#### PROBLEM REQUIREMENTS
Exact transcription of the following records is needed, with every picture dropped.

#### SOURCE RECORDS
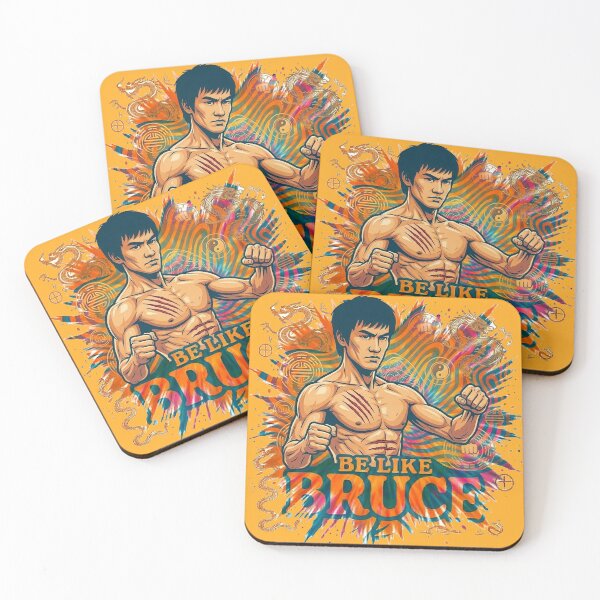 Item preview, Be Like Bruce - Explosive Retro Tie Dye designed and sold by CleverCulture.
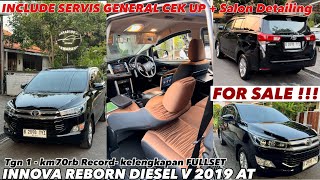 FOR SALE : INNOVA REBORN V DIESEL 2019 AT #jualbelimobilbekas #innovadiesel #reborn #dieselcars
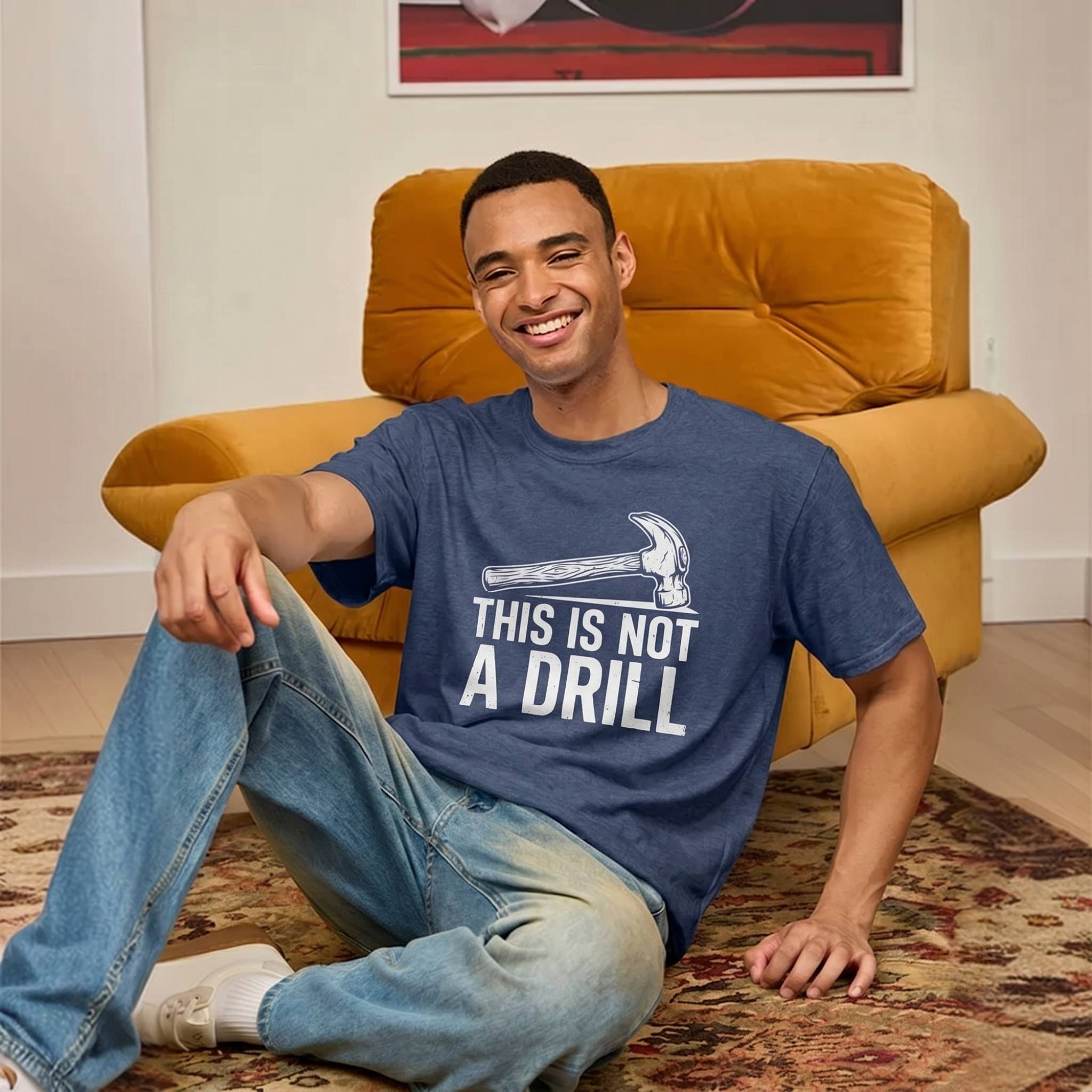 This Is Not A Drill Ultra Soft Heather Tee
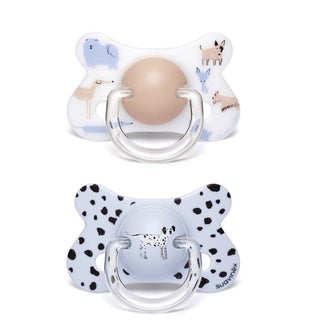 Suavinex Physiological Fusion Soother For 18+ Months Baby - Dogs, Assorted Pack of 2's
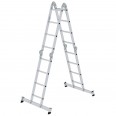 MUNK Vielzweckleiter mit Nivello® Traverse 4x4 Sprossen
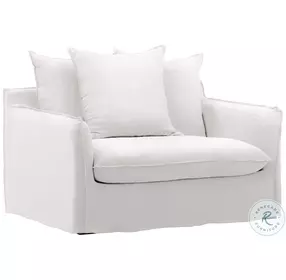Vivia Easton White Slipcover Sofa Chair
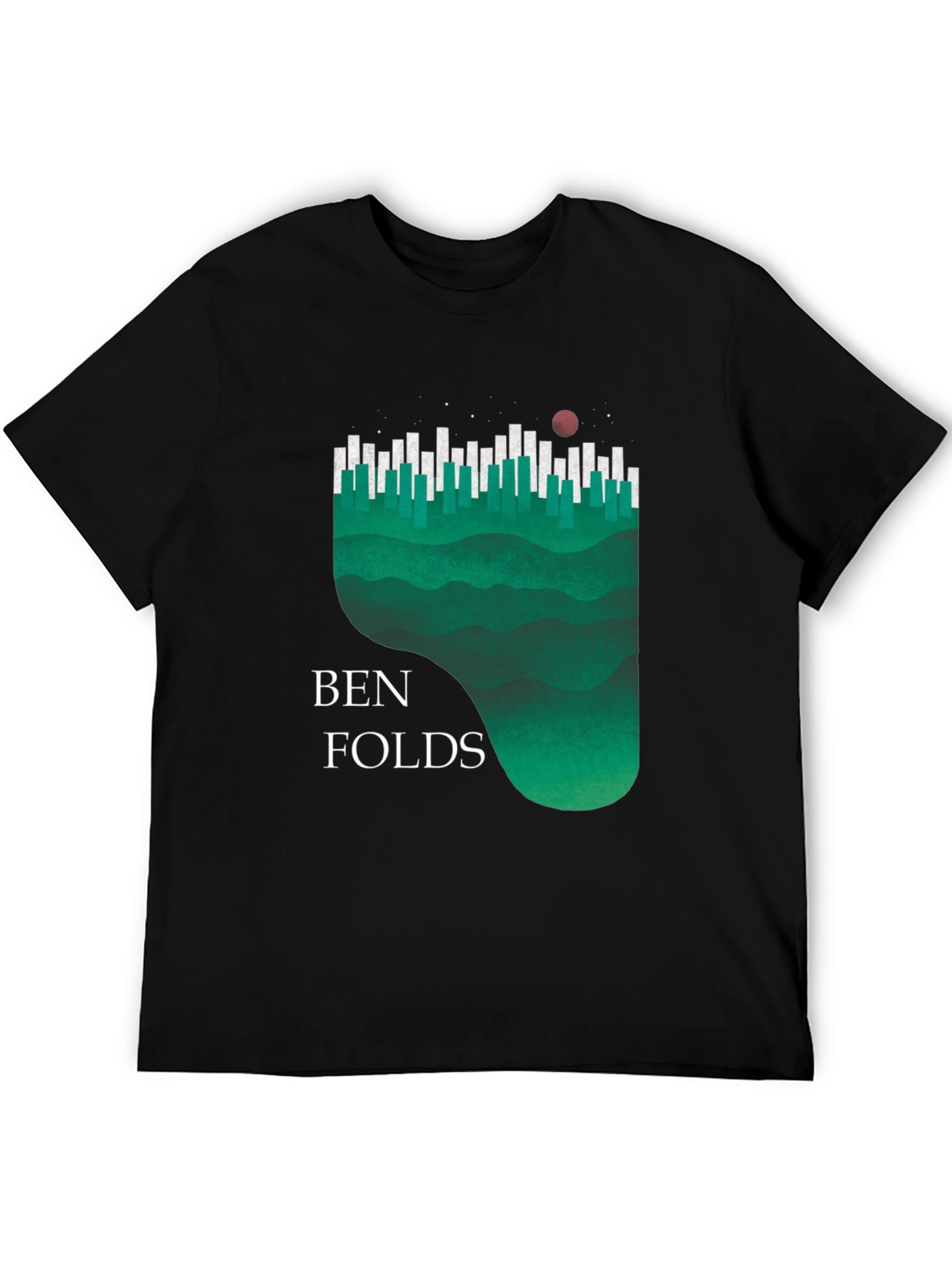 Ben Folds Piano Landscape Graphic Tee - Black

#### ANSWER TO THIS TASK
 Item preview, Be Like Bruce - Explosive Retro Tie Dye designed and sold by CleverCulture.
 FOR SALE : INNOVA REBORN V DIESEL 2019 AT #jualbelimobilbekas #innovadiesel #reborn #dieselcars
 This Is Not A Drill Ultra Soft Heather Tee
 Suavinex Physiological Fusion Soother For 18+ Months Baby - Dogs, Assorted Pack of 2's
 MUNK Vielzweckleiter mit Nivello® Traverse 4x4 Sprossen
Vivia Easton White Slipcover Sofa Chair
 Ben Folds Piano Landscape Graphic Tee - Black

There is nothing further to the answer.